Truly Depressing: 400K People Watched Arby’s “Brisket Channel” For Average Of 38 Minutes
Perhaps it was to satisfy an atavistic desire, connecting across the eons with our hunter/gatherer forebears by gazing in awe as a slab of animal meat cooks slowly, the fat rendering, collagen melting. Or perhaps we’ve reached another stage in the mind’s evolution, with some next-level humans able to divine meaning and narrative out of watching a brisket cook through the lens of a single fixed TV camera. Please let there be some sane, acceptable explanation why hundreds of thousands of people would tune in to watch an Arby’s marketing stunt, and why they would give it more attention than they would the average TV show.

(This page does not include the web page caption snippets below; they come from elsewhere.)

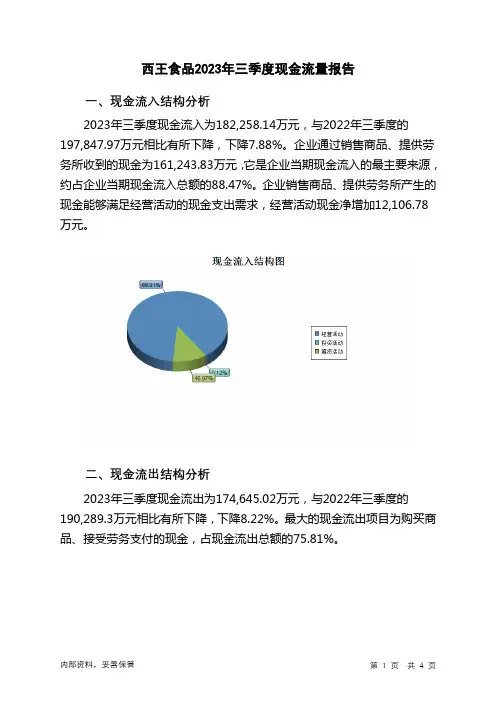 000639西王食品2023年三季度现金流量报告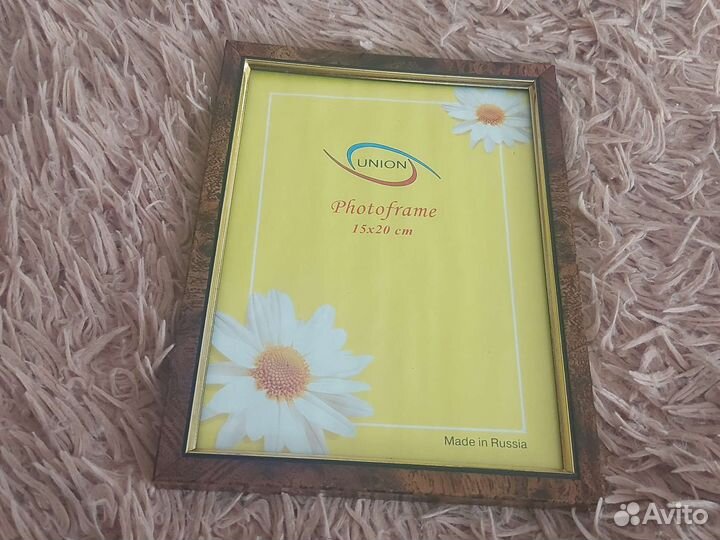 Фоторамка 1520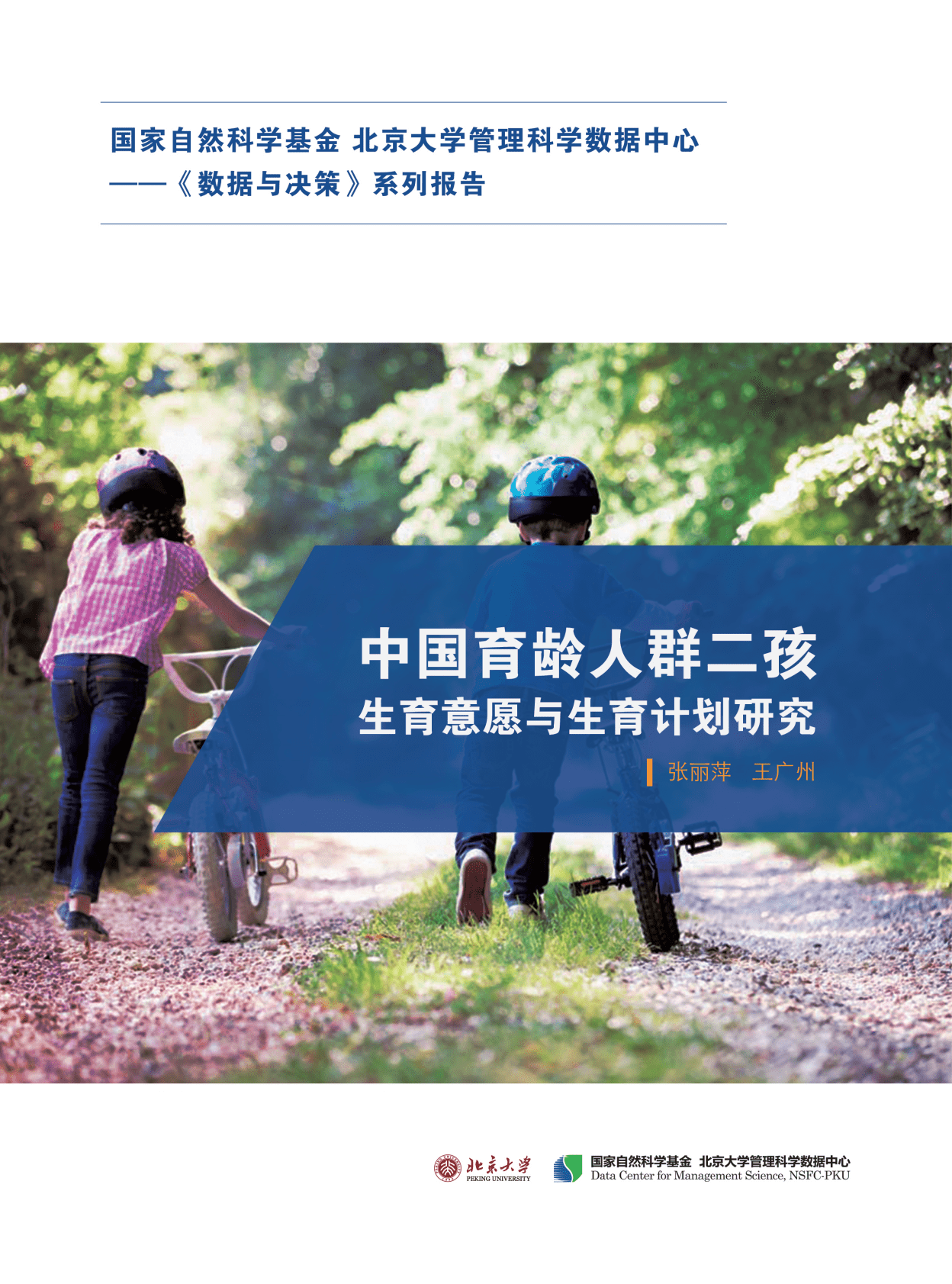 北京大学：中国育龄人群二孩生育意愿与生育计划研究 第1页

We told you back in May how Arby’s was planning to take over the airwaves of a Duluth, MN, TV station for 13 hours on Memorial Day Weekend, airing recorded footage — that’s right, it wasn’t even live — of an Arby’s brisket cooking in an oven.
It wasn’t even a special camera placed inside the oven. Just an unblinking, record-setting look through the window in the oven’s door.

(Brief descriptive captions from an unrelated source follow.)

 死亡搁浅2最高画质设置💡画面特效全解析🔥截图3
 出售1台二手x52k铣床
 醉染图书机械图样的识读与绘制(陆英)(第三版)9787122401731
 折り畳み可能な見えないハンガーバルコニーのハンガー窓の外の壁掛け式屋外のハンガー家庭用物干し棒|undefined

We don’t know what the local ratings were like in Duluth, but the Minneapolis Star-Tribune reports that 400,000 people went online to watch the stunt. Even more astounding — though confounding is probably more accurate — is the fact that the average online viewer ogled the brisket for 38 minutes.
38 minutes.
We’re not talking about streaming a new episode of Orange Is the New Black. We’re not talking about watching livestreams of political or social unrest around the world. We’re not talking about people reading a thoroughly researched investigative piece on government corruption.
We’re talking about a brisket. An Arby’s brisket. People who make their own brisket don’t give their meat that much attention — that’s the whole point of cooking a brisket.

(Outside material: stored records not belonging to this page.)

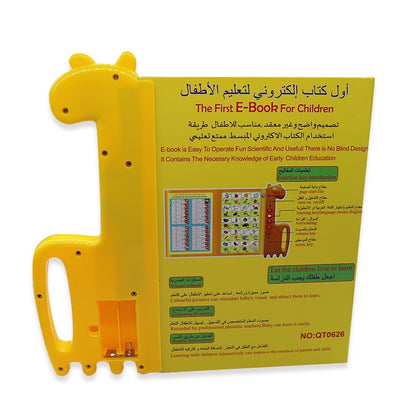 Jouet éducatif de livre كتاب القراءة الإلكتروني للأطفال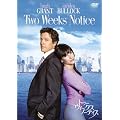 �g�D�[�E�E�B�[�N�X�E�m�[�e�B�X ���ʔ� [DVD]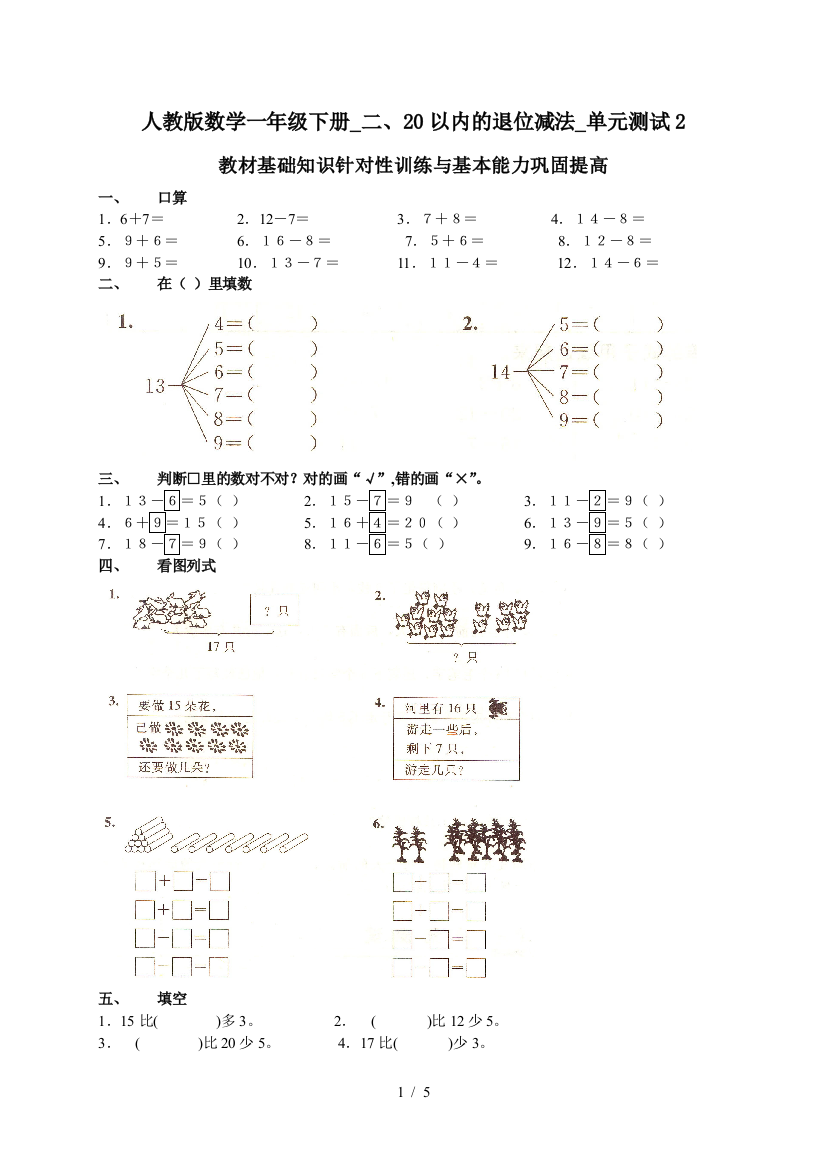 人教版数学一年级下册-二、20以内的退位减法-单元测试2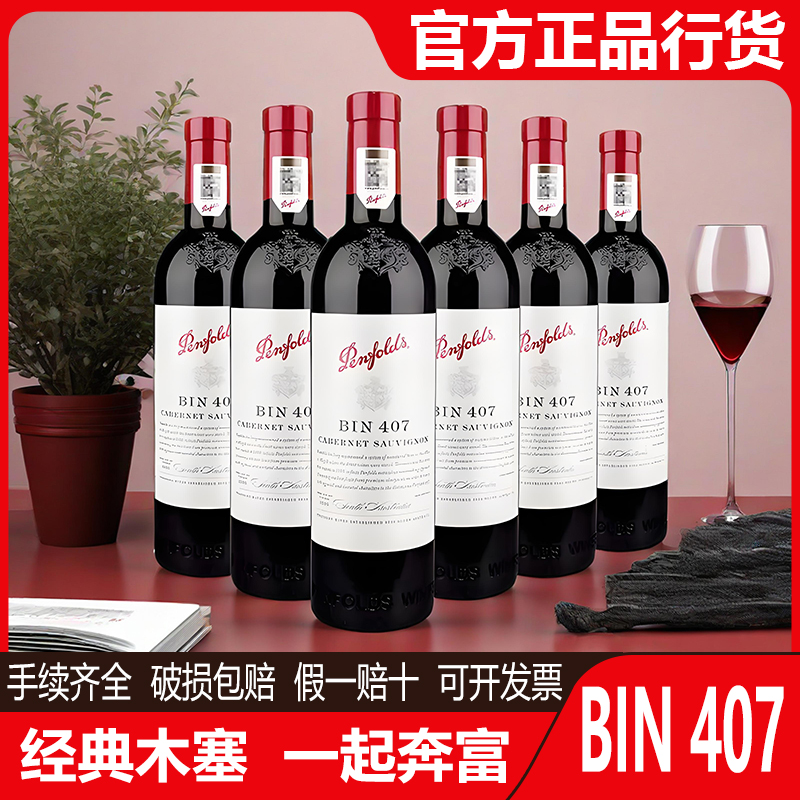 国行奔富红酒寇兰山麦克斯407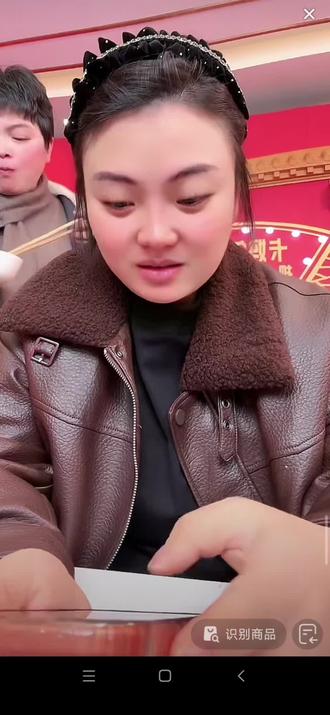 高杰真的被打了吗?#直播录屏分享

The Star-Tribune tries to justify this time wasted watching a brisket.
“It also helped that visitors had a chance to win one of $20,000 in prizes that included a 10-gallon hat, lasso and beef-scented candles,” writes the paper.
No, no it doesn’t. In no world are beef-scented candles worth the 38 minutes of brisket-watching you will never get back.
“Thirty-eight minutes is longer than a lot of TV shows,” Arby’s senior brand experience director explains, while also trying to live with the fact that he is Arby’s senior brand experience director.